In fact, the only thing those 2 have in common is that they both occupy
memory space (and sometimes not the same amount of space).

 

[Tomás]

posted:

I get that these two are different

int* get()
{
static int m;
return &m;
}

int& get()
{
static int m;
return m;
}

int& get()
{
static int m;
int* p=&m;
return p; // should it be *p or p?
}
but can there be a case when pointers may be confused with references?
The reason I am asking is because the pointer contains the address of
an object so its value is a reference.

Don't think of "p" as a value. Think of it as an expression, which, when
evaluated, can yield a value. "p", as an expression, has a type.

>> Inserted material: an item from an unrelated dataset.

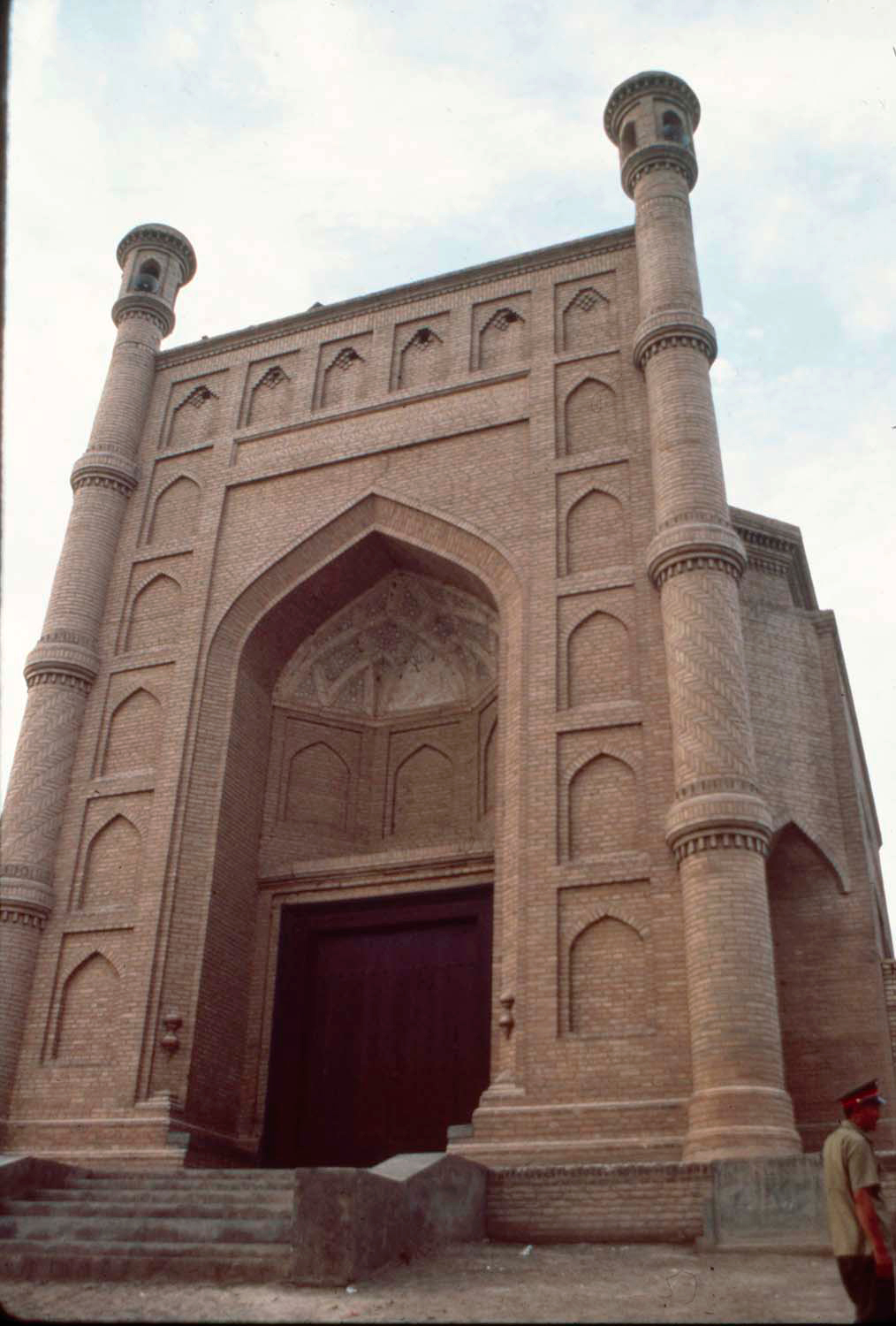 <p>Exterior view of Great Mosque in Xinjiang, China.</p>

In your last function above, look at the types. Firstly, we have:

static int m;
int* p = &m;

"m" is an expression of the type, "int". Therefore, "&m" is an expression
of the type "int*". (Don't be thinking about values yet). "p" on the left
hand side is also of the type "int*", so everything is fine and dandy
with our assignment statement. The types match, so now we can evaluate
"&m" and store the value in "p".

Your function's return type is "int&". Therefore, when you make the
"return" statement, the type of the expression after the "return" keyword
must be "int", and, not only that, it must be an "l-value" so that you
can bind a reference to it. (It also must be non-const in this case.).
The following won't work:

return 5;

because, while the type requirements have been satisfied, the "l-value"
and "const" requirements haven't.

As I said, "p" is an expression of the type "int*". We want this function
to return a reference to an object of the type "int". We turn an "int*"
into an "int" by using the asterisk operator like as follows: *p.

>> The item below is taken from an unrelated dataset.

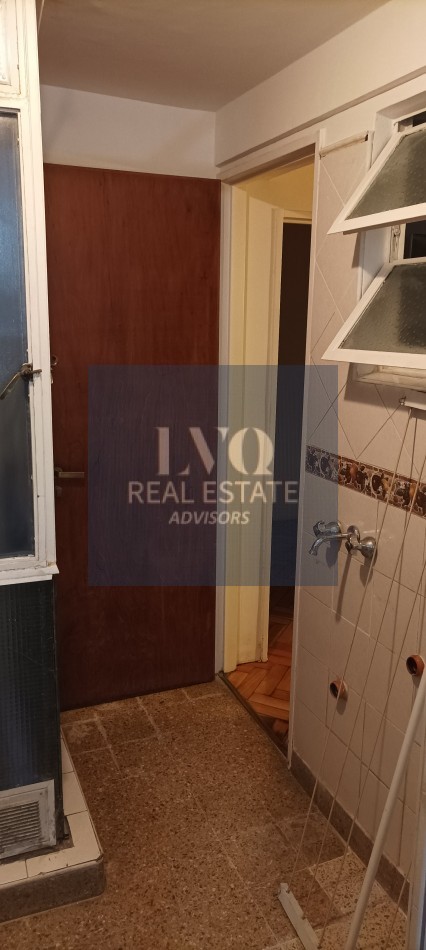 BELGRANO 4 Ambientes muy amplios 90m2 + Balcon 8m2 corrido al Frente TODO LUZ + Dep. de Servicio c/ baño - Recien pintado + Pisos de parquet restaurados e hidrolaqueados a nuevo.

Therefore, the "return" statement should be:

return *p;


The moral of the story is, that I find that I can understand these things
if I think in terms of expressions rather than values. Think of "p" as an
expression of type "int*"; therefore if we put an asterisk before it
like:

*p

then we have an expression of type "int". If we put an ampersand before
it:

&p

then we have an expression of type "int**" (not taking into account the
constness).


If you get your head around the following line of code I'm about to
write, you'll have a firm understanding of how it all works:

int& = *new int;


-Tomás


-Tomás

 

[Tomás]

int& = *new int;

Typo:


int& i = *new int;


-Tomás

 

[al.cpwn]

Typo:


int& i = *new int;


-Tomás

Interesting. Let me make an attempt to see what the code does.
i is of type int&
*new int = *(new int) = *(pointer to memory allocated to store an
integer) = **(memory allocated for int)

thus if i=*new int; then i should be of type **?

 

[al.cpwn]

|
In fact, the only thing those 2 have in common is that they both occupy
memory space (and sometimes not the same amount of space).

So references do occupy memory? I thought since they are aliases they
don't. In fact from what I have learnt the difference between a
reference and a pointer is that the latter is a variable (usually auto
variable), and a reference isn't.

 

[al.cpwn]

Because they are different types.

Is there a difference between a C reference and a C++ reference? By C
reference I mean
int& a;
type declarations.

 

[Gavin Deane]

Interesting. Let me make an attempt to see what the code does.
i is of type int&
*new int = *(new int) = *(pointer to memory allocated to store an
integer) = **(memory allocated for int)

thus if i=*new int; then i should be of type **?

No, you've gone the wrong way in your last step.

*new int => *(new int)
*(new int) => *(pointer to an int)

Now what happens when you apply * the dereference operator to a
pointer? You get the object pointed to by that pointer, so

*(poiner to an int) => (the int)

So in the code

int& i = *new int;

i is a reference to the newly created int.

Gavin Deane

 

[al.cpwn]

No, you've gone the wrong way in your last step.

*new int => *(new int)
*(new int) => *(pointer to an int)

Now what happens when you apply * the dereference operator to a
pointer? You get the object pointed to by that pointer, so

*(poiner to an int) => (the int)

So in the code

int& i = *new int;

i is a reference to the newly created int.

Gavin Deane

Ah yes, you are right. Blunder! And to think I'm going to work at a
financial company this summer!

 

[Jakob Bieling]

Is there a difference between a C reference and a C++ reference? By C
reference I mean
int& a;
type declarations.

As far as I know, C does not have any references .. ?

 

[Tomás]

No, you've gone the wrong way in your last step.

*new int => *(new int)
*(new int) => *(pointer to an int)

Now what happens when you apply * the dereference operator to a
pointer? You get the object pointed to by that pointer, so

*(poiner to an int) => (the int)

So in the code

int& i = *new int;

i is a reference to the newly created int.

Gavin Deane

Here's how I like to think of it.

int &i = *new int;

First of all, that's the same as:

int &i = * (new int);

The thing on the left hand side of the assignment is of the type "int". The
thing on the left hand side of the assignment must an l-value of type "int".
Let's break it down into expressions. First let's look at the following
expression:

new int

The type of this expression is "int *", as "new" returns a pointer to the
object that's created. If you stick an asterisk behind an expression of type
"int*", you're left with an expression of type "int". Therefore, the
following expression is of the type "int":

*new int

Now we can bind a reference to it.

int &i = *new int;

delete &i;



-Tomás